Too often, we have grown up believing that the less we ask for, the better. Feelings of being a burden or imposition can lead us to avoid accepting things in general. As a result, we are often confused by our conflicted responses to receiving.
So, why is accepting help so hard?
These complicated reactions to receiving can partly stem from our attachment history. Our early attachments help shape how we relate to others and how we expect others to relate to us. If we experienced an insecure pattern of attachment in childhood, we may feel less trusting or secure in our adult relationships. If we weren’t used to receiving consistent, quality care from our parents or attachment figures, it can feel painful or confusing to accept this from others throughout our lives.
It is difficult for us to depend on others for help. First of all, it can be hard to admit we can’t do everything ourselves. Recognizing we need something from another person can trigger feelings of shame and unresolved pain from our childhoods. This is especially true if we spent the first year of our life expressing our needs and not receiving an attuned response. These are the building blocks of avoidant attachment, where the child develops the adaptation of being self-sufficient and keeping their needs out of their awareness to avoid the painful feelings of shame that result from their needs not being responded to. They may be afraid that if they express a need, it will be seen as “too much.”
When we have developed an avoidant style of attachment, we tend to feel pseudo-independent and driven to meet our needs ourselves. This can make it particularly challenging to rely on or seek out others for support. It may be hard to believe there could be a better outcome than there was for us in our past. Letting others help or offer us something can contradict our view of having to take care of ourselves or not have needs at all.
How do we challenge our discomfort around accepting help?
In order to accept help and even be willing to ask for assistance, we would have to abandon an adaptation that felt necessary for survival when we were helpless, dependent children. Moving away from something that provided a sense of safety can initially cause us to feel anxious, insecure, and even frightened. However, these feelings will subside as we adjust to a new reality in which we are able to accept and participate in the give and take with others and the closeness it brings.
In addition, we would need to part with a negative identity we developed early on of seeing ourselves as needy or a burden if we expressed a need. This identity develops from the young child’s needing to see their parent as good to feel safe. If a parent is not attuned or responsive to the child’s needs, the child unconsciously assumes that it is their fault, thereby preserving their image of a good parent.
If we assign value to the act of receiving, like any other skill, we can get better at it. To do this, we have to break down the barriers inside us that keep people at a distance.
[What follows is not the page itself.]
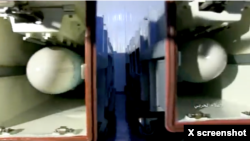 ภาพจากวิดีโอจากสื่อสังคมออนไลน์ X เผยให้เห็นคลังเก็บขีปนาวุธ C-802 ซึ่งผู้ใช้สื่อสังคมออนไลน์หลายรายนำคลิปดังกล่าวไปใช้ในสงครามอิสราเอล-ฮามาส โดยวิดีโอดังกล่าวได้รับการเผยแพร่ในปี 2019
We can start by paying attention to “critical inner voices” that fuel our feelings of discomfort and avoidance around accepting. We can try to be aware of the negative thoughts that come up when we’re on the receiving end of kindness or acknowledgment.
We may notice a range of thoughts that minimize, critique, or deny us like, “I didn’t really do anything special.” “I don’t need any help.” “This is my burden, not theirs.” “You shouldn’t lean on other people.” “You’re just annoying them.” “Now, you owe them something.” “You’re not worth the trouble.” All of these thoughts are not real representations of us or our relationship with the person helping us. They’re just the self-denying commentary of our inner critic.
In addition to ignoring and outright acting against the advice of our inner critic, we can start to explore our attachment patterns and how they may be influencing our ability to accept generosity from others. Because our attachments can act as models for how we expect others to behave, they could be driving our feelings of distrust, discomfort, and pseudo-independence. By understanding our attachment history, we can foster more inner security and become more open and accepting toward others.
In order to get better at accepting help, we have to stop seeing it as selfish, but rather as a healthy way to respond to others and enrich our relationships. The more we can accept, the more we have to offer. When we deny ourselves, we deny the people close to us. Generosity is a two-way street from which everyone benefits. As Brené Brown once put it, “Until we can receive with an open heart, we’re never really giving with an open heart. When we attach judgment to receiving help, we knowingly or unknowingly attach judgment to giving help.” The art of giving is crucial to our happiness, but our generosity doesn’t end with giving; it also means challenging ourselves to be gracious in what we accept.
When we allow people to be kind to us, we feel closer to them, and they feel closer to us. We let them express their feeling for us, rather than shutting them out. This deepens our connection to that person and creates a stronger mutual support system, in which the give and take can feel natural and equal. Despite any initial discomfort around letting people help us, it can feel rewarding. The vulnerability of being open to accepting help and generosity tends to bring out a caring response in others and often leads to deeper emotional closeness.